--- Available data ---

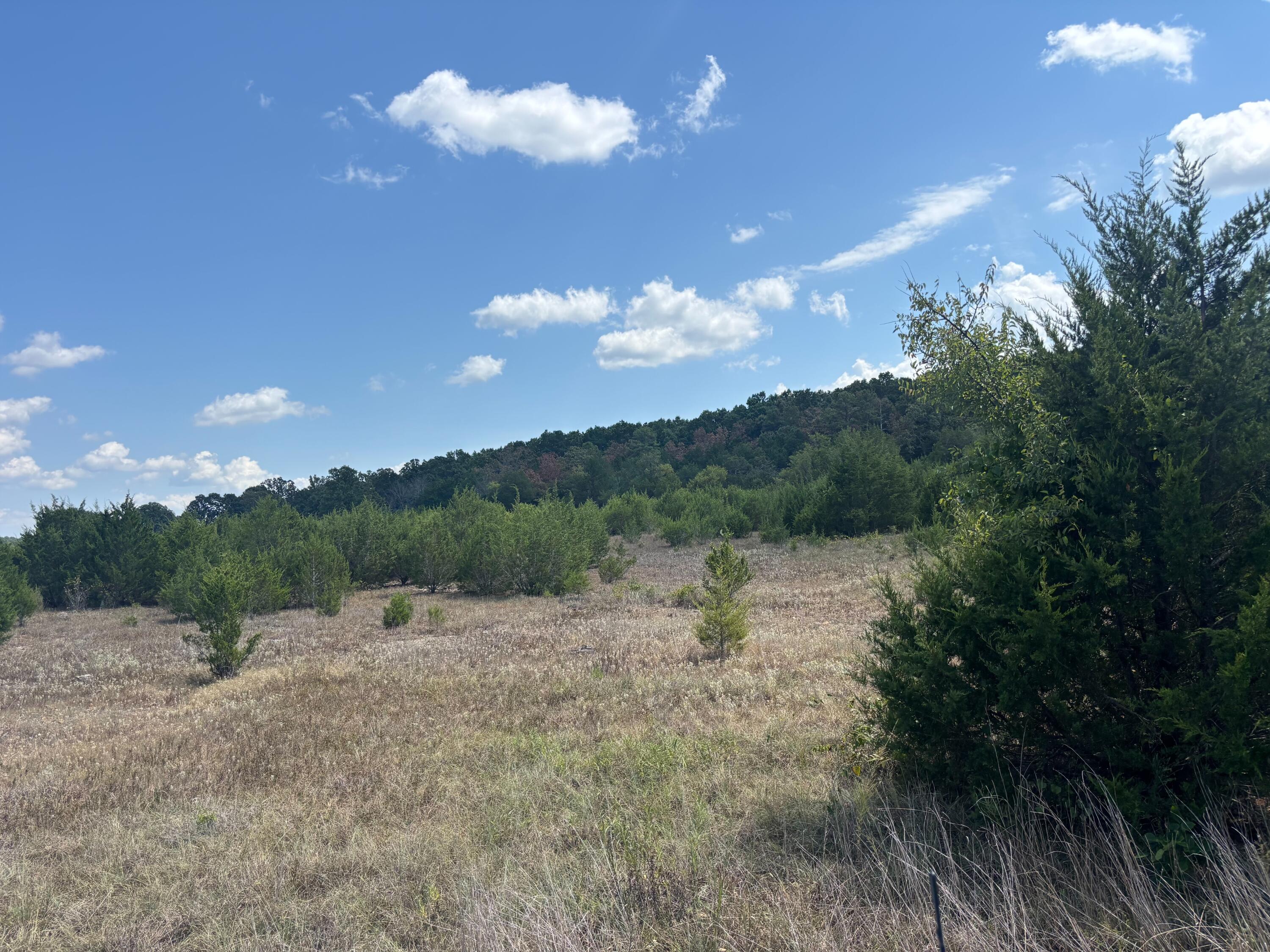 Photo 18 - Land for sale – Tract 5  Little Woods Road  Elizabeth, AR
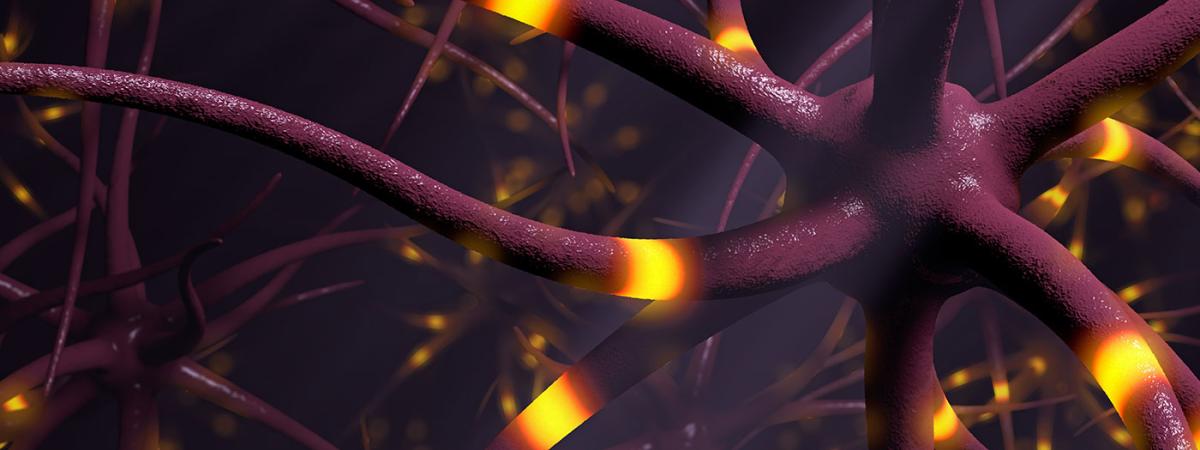 epilepsy_nerves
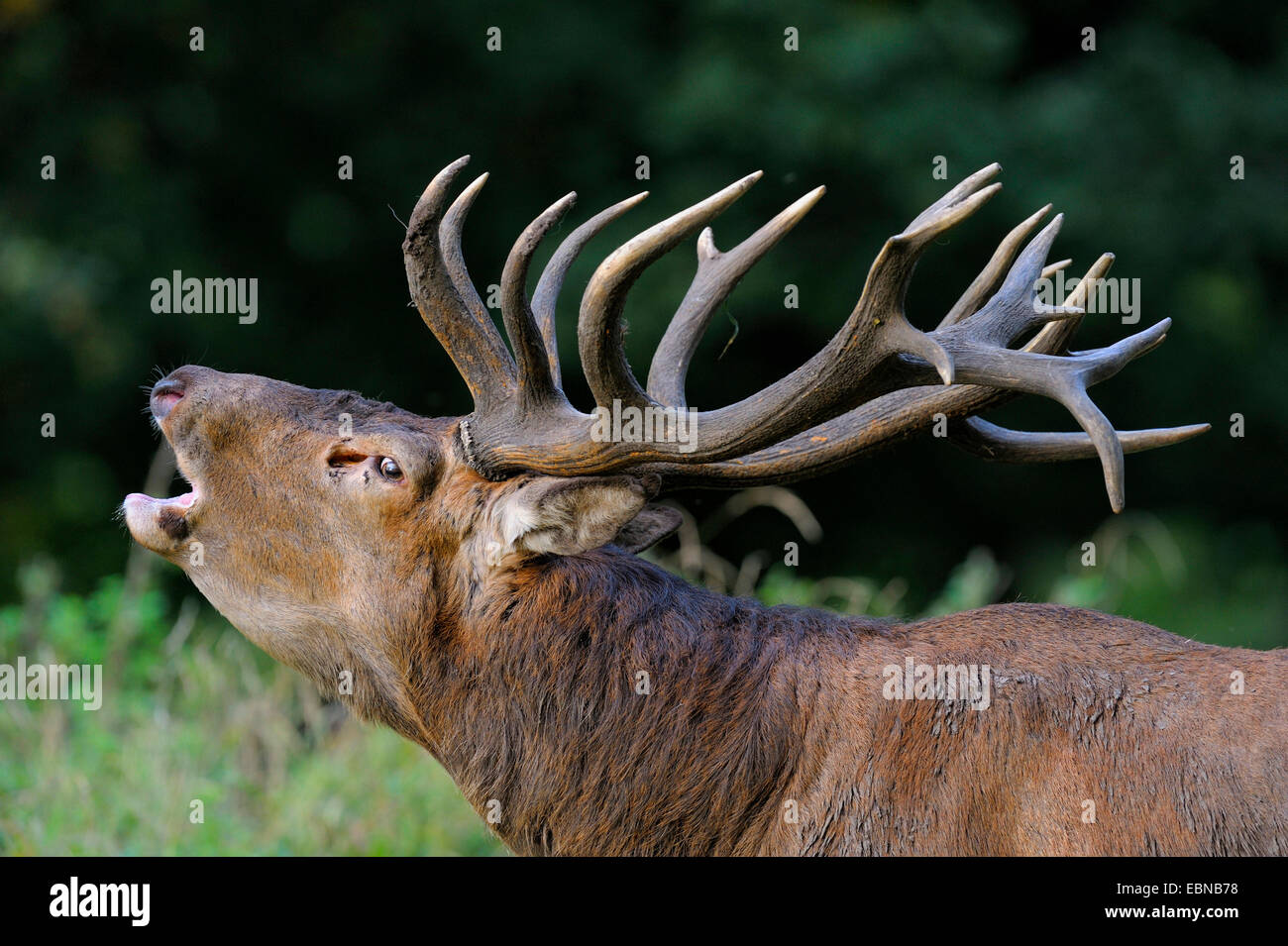 red deer (Cervus elaphus), impressive roaring stag , Denmark Stock Photo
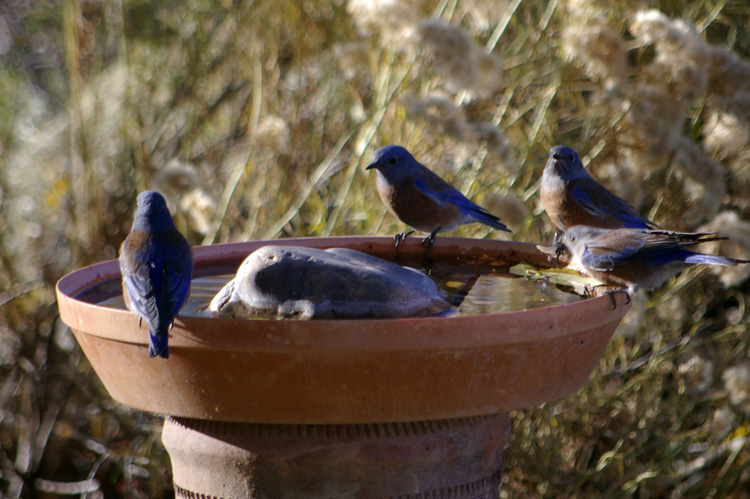 western bluebirds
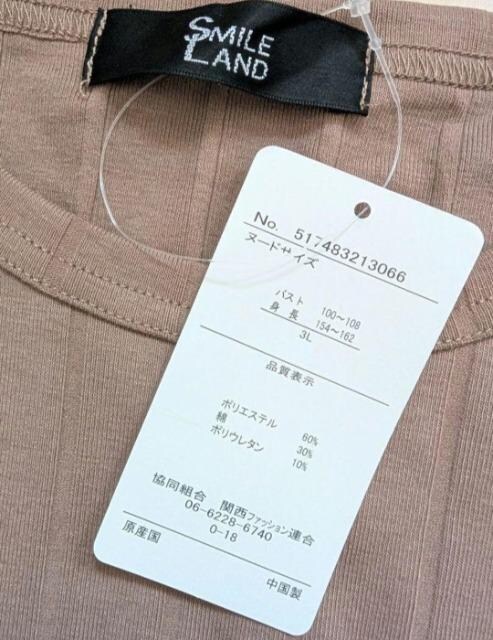 RkW~ȂTeRu`jbNVi傫TCY  t@bV 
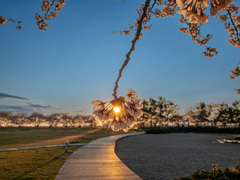 夕焼けに染まる桜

---

What you need to do ::
Retype each record exactly as it stands, but do not include the pictures.

Final answer ::
 Photo 18 - Land for sale – Tract 5  Little Woods Road  Elizabeth, AR
 epilepsy_nerves
 red deer (Cervus elaphus), impressive roaring stag , Denmark Stock Photo
 western bluebirds
 RkW~ȂTeRu`jbNVi傫TCY  t@bV 
 夕焼けに染まる桜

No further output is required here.